What is needed:
With pictures excluded, retype exactly every line from the one containing "最深の力、オヘル・アショニル　EDHデッキ" to the end of the records below.

━━━━━━━━━━

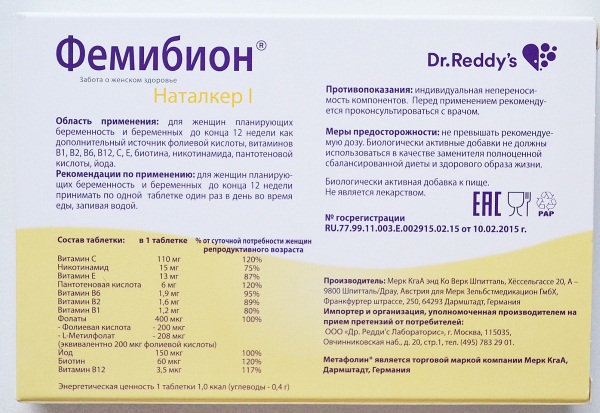 Витамины лучше для беременных женщин после 30, 40, 50 лет, иммунитета, сердца и сосудов, костей, нервной системы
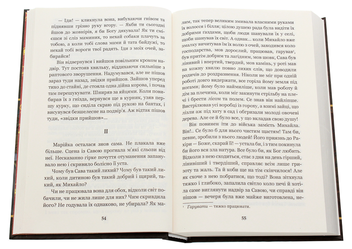 Бумажная книга «Земля», автор Ольга Кобылянская - фото №4 - миниатюра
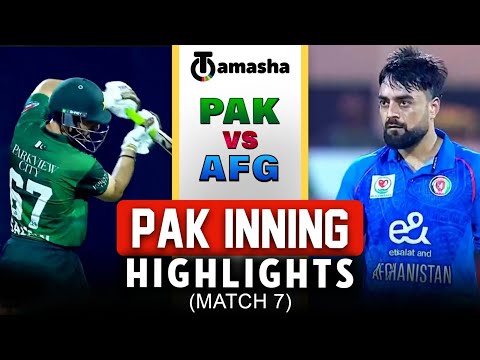 Pakistan Inning Highlights | PAK vs AFG Final | Tamasha Sports
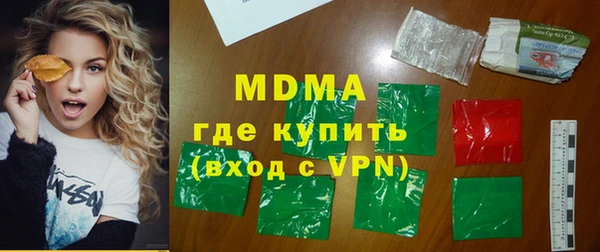 молекула духа Армянск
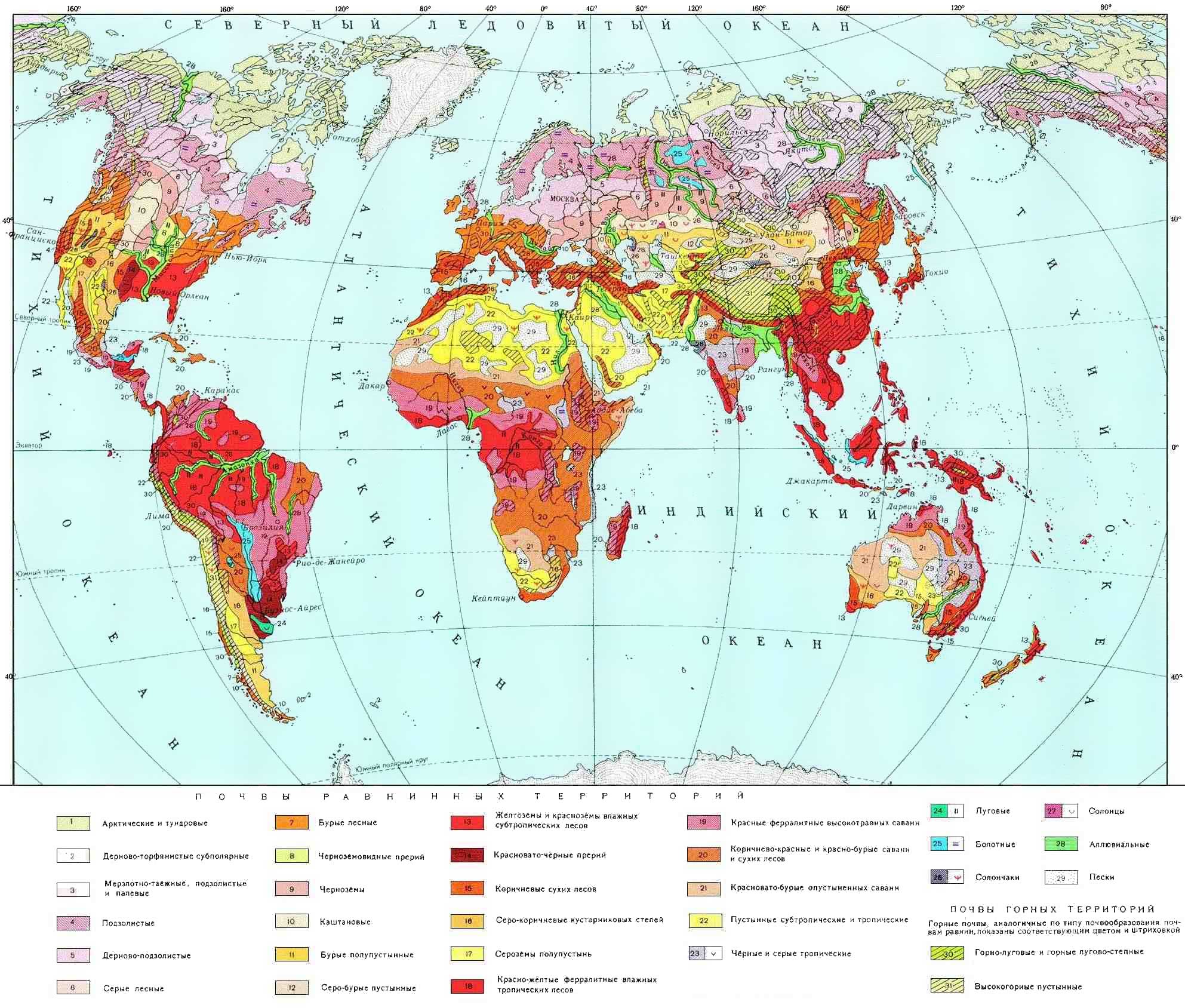Почвы и почвенный покров земного шара. Распределение почв по поверхности земного шара. Зональные и азональные типы почв - student2.ru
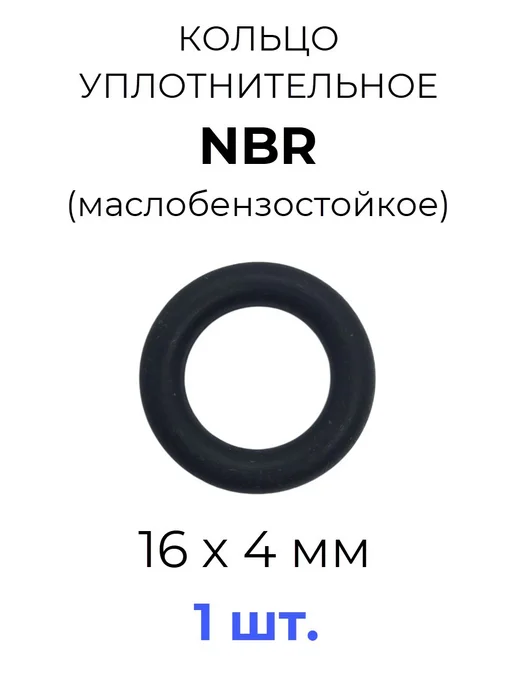 Кольцо уплотнительное 16х24х4 NBR70 МБС 1 шт, 16x24x4, 1 шт
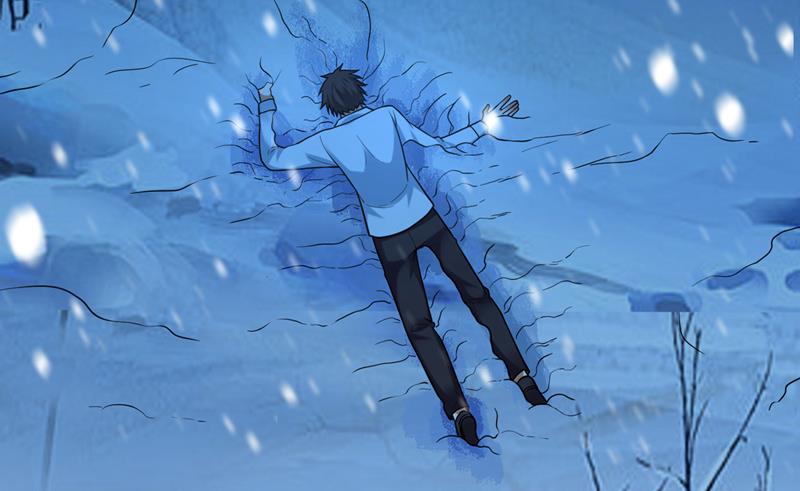 最强神医混都市韩漫全集-第238话 回摩云崖养伤无删减无遮挡章节图片 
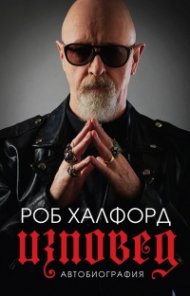 Роб Халфорд. Изповед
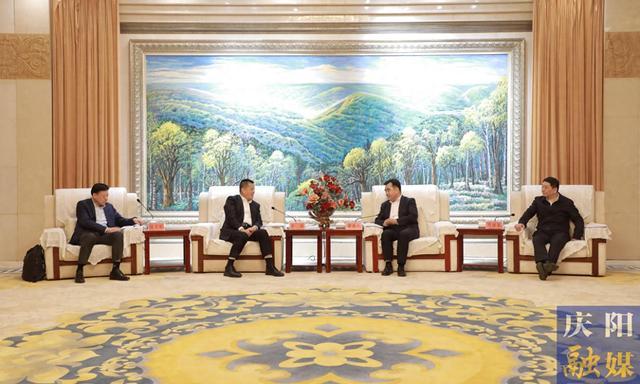 慶陽市委書記黃澤元、市長周繼軍與山東能源集團黨委書記、董事長李偉一行座談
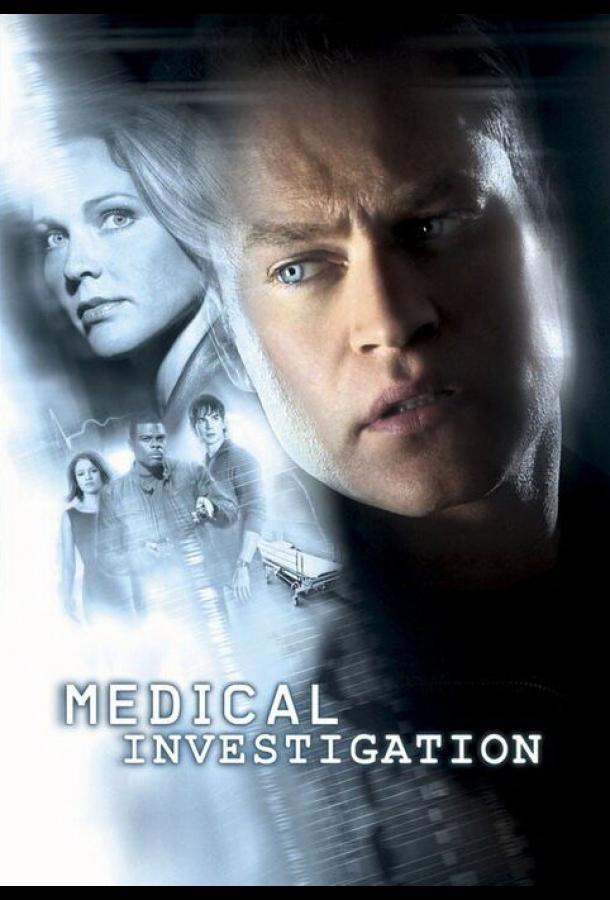 Медицинское расследование (2004)
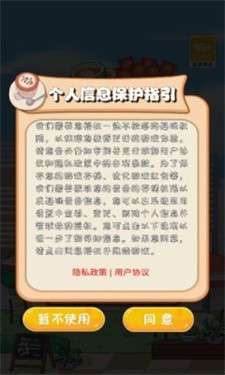 提神咖啡馆图2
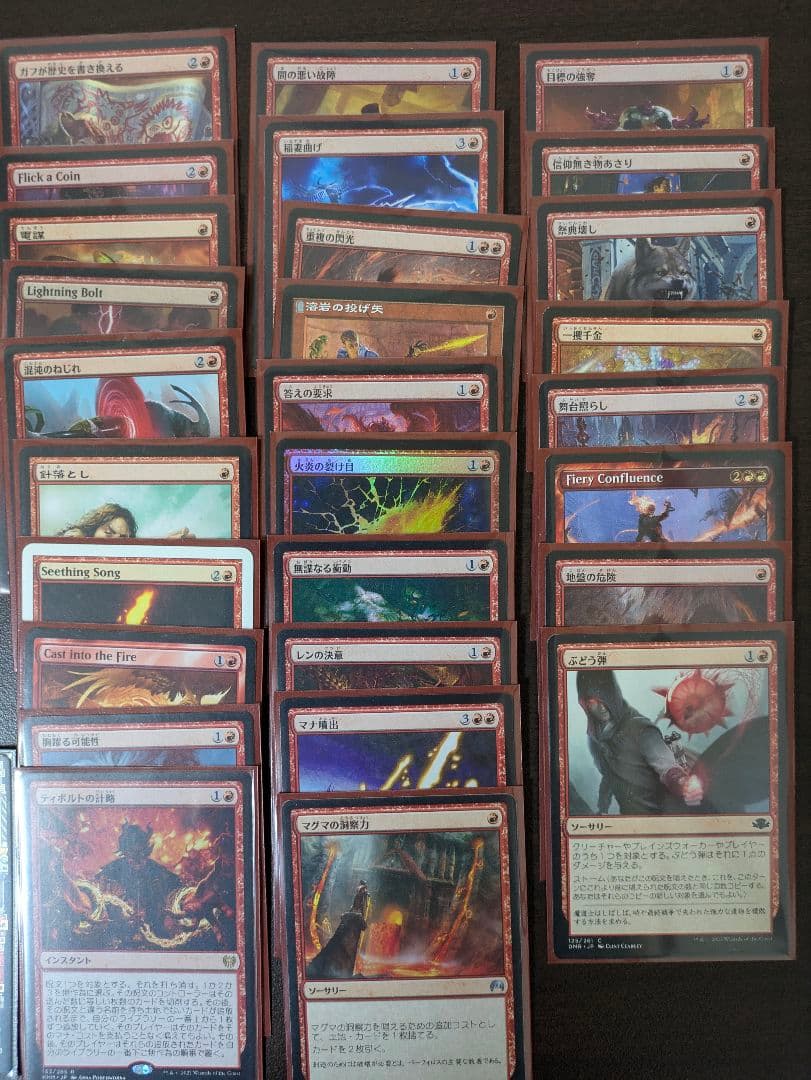 最深の力、オヘル・アショニル　EDHデッキ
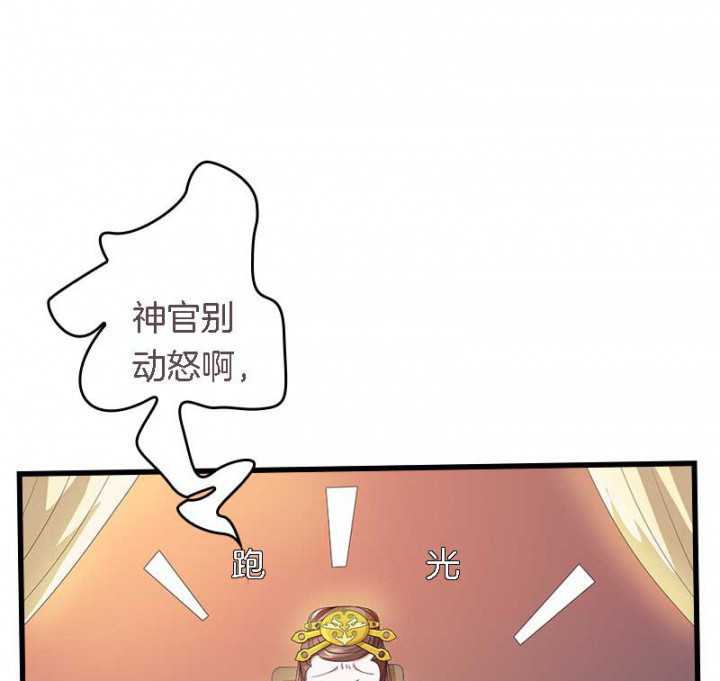 朕的老婆们全挂了漫画,第25章：我就是偏袒她5图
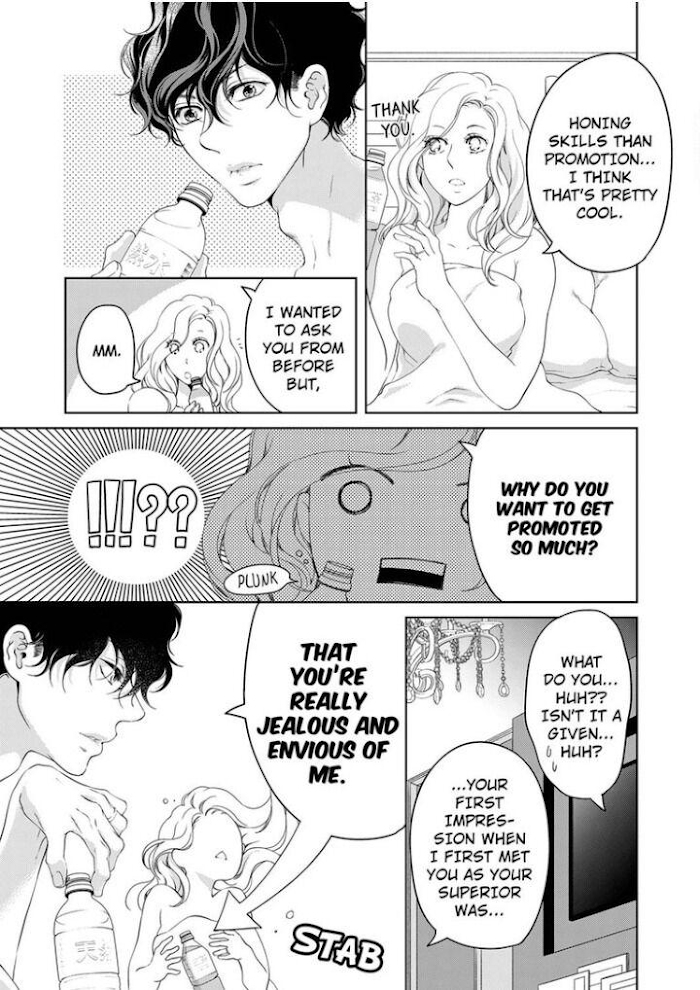Page 8 of Chapter 42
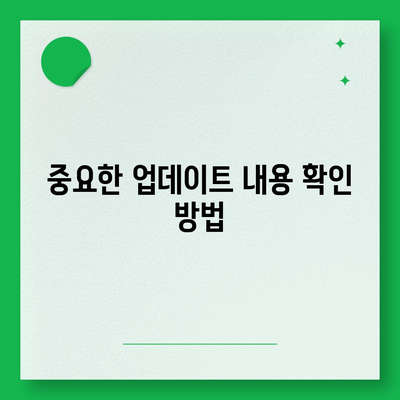 카카오톡 보안 알림 활성화 | 중요한 업데이트 수신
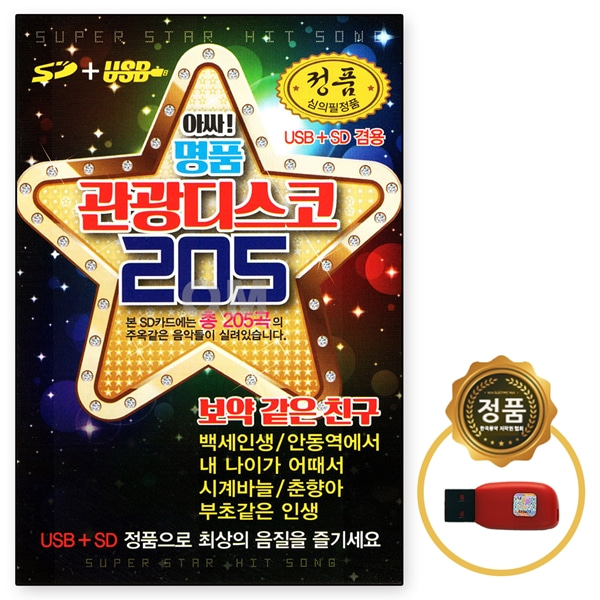 USB노래칩 아싸 명품 관광디스코 205곡 거성 선물용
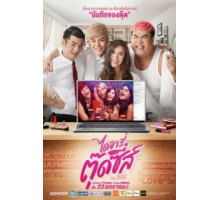 Дневник Тутси (2016) (2016)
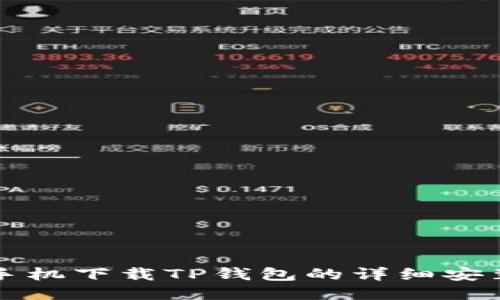 华为手机下载TP钱包的详细安装指南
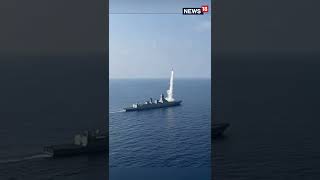 BrahMos Missile  Successful BrahMos Firing  BrahMos Launch Video  News18 Shorts [upl. by Aierdna]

━━━━━━━━━━

Written response:
 最深の力、オヘル・アショニル　EDHデッキ
 朕的老婆们全挂了漫画,第25章：我就是偏袒她5图
Page 8 of Chapter 42
 카카오톡 보안 알림 활성화 | 중요한 업데이트 수신
 USB노래칩 아싸 명품 관광디스코 205곡 거성 선물용
 Дневник Тутси (2016) (2016)
 华为手机下载TP钱包的详细安装指南
 BrahMos Missile  Successful BrahMos Firing  BrahMos Launch Video  News18 Shorts [upl. by Aierdna]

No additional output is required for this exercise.